Sean Wensley tells us how to compassionately connect with all animals. Veterinarians are incredibly important "middle people" between people who live with or use a wide variety of nonhuman animals (animals) and the animals themselves.1 In his new book Through A Vet’s Eyes: How We Can All Choose a Better Life for Animals, Sean Wensley, an award-winning veterinarian who drove the development of BVA’s first Animal Welfare Strategy, explains how we must treat all animals with respect and compassion, and the role of veterinarians in using animal welfare science and ethics to do this. I'm pleased Sean could answer a few questions about his landmark book.

Marc Bekoff: Why did you write Through A Vet’s Eyes?
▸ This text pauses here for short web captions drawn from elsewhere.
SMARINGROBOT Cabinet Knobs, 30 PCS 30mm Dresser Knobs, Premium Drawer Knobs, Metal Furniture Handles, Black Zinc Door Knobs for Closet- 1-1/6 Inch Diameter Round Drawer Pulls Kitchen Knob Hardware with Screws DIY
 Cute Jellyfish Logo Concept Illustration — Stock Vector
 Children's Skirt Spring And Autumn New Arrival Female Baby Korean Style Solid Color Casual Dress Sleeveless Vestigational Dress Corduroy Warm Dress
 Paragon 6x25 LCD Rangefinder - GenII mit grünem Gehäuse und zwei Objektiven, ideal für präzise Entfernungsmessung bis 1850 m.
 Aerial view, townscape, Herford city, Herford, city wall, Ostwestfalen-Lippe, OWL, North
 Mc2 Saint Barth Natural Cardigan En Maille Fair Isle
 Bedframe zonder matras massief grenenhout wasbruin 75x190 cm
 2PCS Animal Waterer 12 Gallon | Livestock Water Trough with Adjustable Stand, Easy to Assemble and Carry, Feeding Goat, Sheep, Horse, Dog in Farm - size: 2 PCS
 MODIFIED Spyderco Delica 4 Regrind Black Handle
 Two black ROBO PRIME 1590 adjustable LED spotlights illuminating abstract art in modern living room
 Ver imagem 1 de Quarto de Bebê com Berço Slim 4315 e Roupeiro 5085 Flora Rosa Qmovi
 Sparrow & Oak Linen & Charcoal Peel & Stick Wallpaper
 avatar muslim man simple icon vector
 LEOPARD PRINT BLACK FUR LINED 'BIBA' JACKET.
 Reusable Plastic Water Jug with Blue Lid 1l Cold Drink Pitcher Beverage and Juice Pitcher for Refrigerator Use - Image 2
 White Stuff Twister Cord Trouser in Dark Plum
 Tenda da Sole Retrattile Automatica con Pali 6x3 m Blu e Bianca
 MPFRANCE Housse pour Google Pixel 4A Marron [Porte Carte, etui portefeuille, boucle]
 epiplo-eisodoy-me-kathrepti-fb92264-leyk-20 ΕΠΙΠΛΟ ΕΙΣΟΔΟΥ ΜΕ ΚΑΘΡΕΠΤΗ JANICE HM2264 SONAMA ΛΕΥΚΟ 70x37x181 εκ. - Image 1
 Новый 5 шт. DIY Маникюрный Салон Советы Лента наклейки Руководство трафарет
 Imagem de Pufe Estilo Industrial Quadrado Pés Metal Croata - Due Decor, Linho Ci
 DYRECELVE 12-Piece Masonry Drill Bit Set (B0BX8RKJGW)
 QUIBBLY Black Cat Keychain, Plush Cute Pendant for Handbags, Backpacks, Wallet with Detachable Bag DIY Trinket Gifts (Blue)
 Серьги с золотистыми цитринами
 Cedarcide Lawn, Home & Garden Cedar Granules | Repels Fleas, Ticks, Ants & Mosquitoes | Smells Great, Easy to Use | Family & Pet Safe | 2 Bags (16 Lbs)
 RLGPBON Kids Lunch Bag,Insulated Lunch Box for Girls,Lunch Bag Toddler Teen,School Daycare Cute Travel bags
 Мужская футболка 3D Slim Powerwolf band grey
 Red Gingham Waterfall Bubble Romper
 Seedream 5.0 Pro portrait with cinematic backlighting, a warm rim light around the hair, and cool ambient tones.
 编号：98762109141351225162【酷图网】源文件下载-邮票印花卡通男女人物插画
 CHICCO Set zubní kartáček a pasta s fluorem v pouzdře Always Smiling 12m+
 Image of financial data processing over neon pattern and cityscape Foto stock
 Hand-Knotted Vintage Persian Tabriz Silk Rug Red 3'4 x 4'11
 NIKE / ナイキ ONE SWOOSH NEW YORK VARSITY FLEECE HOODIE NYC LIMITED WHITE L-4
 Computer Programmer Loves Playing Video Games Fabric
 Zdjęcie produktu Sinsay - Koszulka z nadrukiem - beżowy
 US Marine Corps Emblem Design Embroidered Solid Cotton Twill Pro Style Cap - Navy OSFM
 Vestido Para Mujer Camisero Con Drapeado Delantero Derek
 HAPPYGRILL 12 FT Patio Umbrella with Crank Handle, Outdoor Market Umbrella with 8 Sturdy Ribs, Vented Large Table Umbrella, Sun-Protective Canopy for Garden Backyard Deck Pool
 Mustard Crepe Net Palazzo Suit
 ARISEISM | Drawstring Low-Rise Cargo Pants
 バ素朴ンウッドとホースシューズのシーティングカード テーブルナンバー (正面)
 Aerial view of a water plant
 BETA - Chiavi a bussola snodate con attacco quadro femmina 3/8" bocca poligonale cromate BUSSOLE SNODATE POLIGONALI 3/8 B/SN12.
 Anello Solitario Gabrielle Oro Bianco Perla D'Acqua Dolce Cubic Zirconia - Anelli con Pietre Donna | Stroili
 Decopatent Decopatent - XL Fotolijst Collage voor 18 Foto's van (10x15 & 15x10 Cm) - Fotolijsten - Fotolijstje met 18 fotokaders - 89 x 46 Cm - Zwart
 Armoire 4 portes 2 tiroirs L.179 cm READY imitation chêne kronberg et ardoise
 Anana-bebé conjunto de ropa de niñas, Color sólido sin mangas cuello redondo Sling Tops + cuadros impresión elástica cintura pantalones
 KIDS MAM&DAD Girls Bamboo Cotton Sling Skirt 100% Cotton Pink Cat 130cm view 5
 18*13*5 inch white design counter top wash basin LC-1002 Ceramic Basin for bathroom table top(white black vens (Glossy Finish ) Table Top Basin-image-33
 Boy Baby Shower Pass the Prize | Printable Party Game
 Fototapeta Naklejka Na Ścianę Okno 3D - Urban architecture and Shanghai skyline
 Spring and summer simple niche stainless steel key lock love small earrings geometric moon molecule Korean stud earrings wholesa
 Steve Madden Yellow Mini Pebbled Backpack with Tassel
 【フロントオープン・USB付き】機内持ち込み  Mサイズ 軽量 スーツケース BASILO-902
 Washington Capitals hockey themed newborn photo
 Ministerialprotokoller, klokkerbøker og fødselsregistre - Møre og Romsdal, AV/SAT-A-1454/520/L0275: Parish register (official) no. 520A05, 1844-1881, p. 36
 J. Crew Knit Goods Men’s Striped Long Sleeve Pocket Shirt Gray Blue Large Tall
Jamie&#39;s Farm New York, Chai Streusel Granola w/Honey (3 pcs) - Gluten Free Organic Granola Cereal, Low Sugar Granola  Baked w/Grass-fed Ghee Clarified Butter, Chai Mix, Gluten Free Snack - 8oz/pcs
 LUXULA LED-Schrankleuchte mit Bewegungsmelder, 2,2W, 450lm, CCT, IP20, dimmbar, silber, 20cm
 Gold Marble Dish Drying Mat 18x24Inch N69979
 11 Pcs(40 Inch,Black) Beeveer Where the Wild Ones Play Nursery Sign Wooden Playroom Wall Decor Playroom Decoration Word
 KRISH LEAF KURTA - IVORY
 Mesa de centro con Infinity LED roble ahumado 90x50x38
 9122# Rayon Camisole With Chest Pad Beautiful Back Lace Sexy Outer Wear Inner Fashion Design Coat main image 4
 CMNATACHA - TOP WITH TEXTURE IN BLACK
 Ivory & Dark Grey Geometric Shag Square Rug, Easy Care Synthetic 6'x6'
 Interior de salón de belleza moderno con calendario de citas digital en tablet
Sean Wensley: I wanted to relay a number of today’s persisting animal welfare problems to a non-specialist audience through the lens of my own personal experience, to help make those problems more accessible and understandable. I then wanted to underpin these experiences with animal welfare science (the science of understanding how animals perceive the world, and what they need and want from their perspectives) and veterinary animal welfare policy, and embed the veterinary memoir elements in the context of the natural world. This helped me discuss animal welfare alongside other pressing issues, such as climate change, biodiversity loss, and antimicrobial resistance, and to promote the importance of interdisciplinary working as embodied by the One Health and One Welfare approaches.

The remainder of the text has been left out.